LLM Wiki vs. RAG
Overview
LLM Wiki and RAG (Retrieval-Augmented Generation) are two distinct patterns for using large language models over a body of documents. By 2026, roughly 85% of enterprise AI applications use RAG. The LLM Wiki pattern — popularized by Andrej Karpathy — offers a fundamentally different trade-off. llm-wiki.en.md
The Core Difference: When the Work Happens
The single most important distinction is *when* the heavy lifting occurs.
- RAG does its work at query time: documents are chunked, embedded in a vector database, and the closest chunks are retrieved and reassembled into an answer on every single query.
- LLM Wiki does its work at ingest time: the moment a source arrives, an LLM compiles it into a persistent, interlinked wiki — updating pages, surfacing contradictions, and strengthening synthesis. The knowledge is compiled once and kept current. llm-wiki.en.md
Side-by-Side Comparison
| LLM Wiki (compiled) | RAG (retrieved) | |
|---|---|---|
| When work happens | At ingest (compile once) | At query (retrieve every time) |
| Knowledge over time | Compounds — pages get richer | Static — re-derived each query |
| Output | Human-readable, interlinked pages you own | Opaque chunks reassembled per answer |
| Contradictions | Surfaced and reconciled during ingest | Silently retrieved side by side |
| Setup | A folder of Markdown + a schema file | Embeddings + vector DB + pipeline |
| Scale ceiling | Hundreds–~1,000 pages comfortably | Millions of documents |
llm-wiki.en.md
How the LLM Wiki Compounds Knowledge
Three properties distinguish the LLM Wiki from a mere summary folder:
- Provenance. Every claim links back to the immutable raw source it came from, keeping the wiki verifiable rather than a hallucinated blob.

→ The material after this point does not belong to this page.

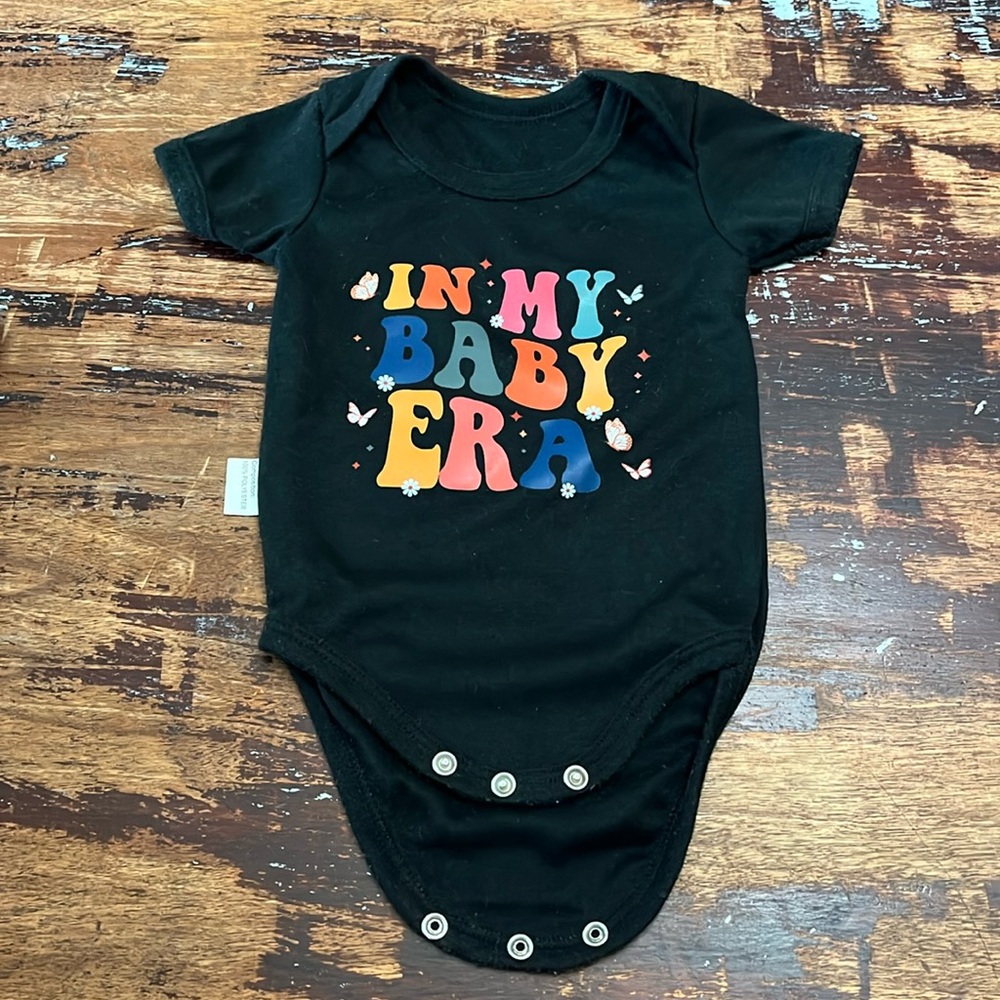 GUC In My Baby Era Onesie 0-3 months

- Cross-links. Pages reference each other with
wikilinks. The LLM writes forward links; backlinks and the graph are computed from them, so structure stays consistent. In Obsidian's graph view you can see which pages are hubs and which are orphans. - Synthesis that accumulates. A wiki that has ingested 50 papers on a topic answers questions with far more depth than one that has ingested five. The thesis evolves; it isn't rebuilt from scratch each time. llm-wiki.en.md
RAG's Known Failure Mode
RAG's well-known failure mode is confident wrong answers from poor sources. Industry analyses report that 40–60% of RAG implementations never reach production, and only a fraction show measurable ROI — almost always because of knowledge-base quality rather than retrieval tuning.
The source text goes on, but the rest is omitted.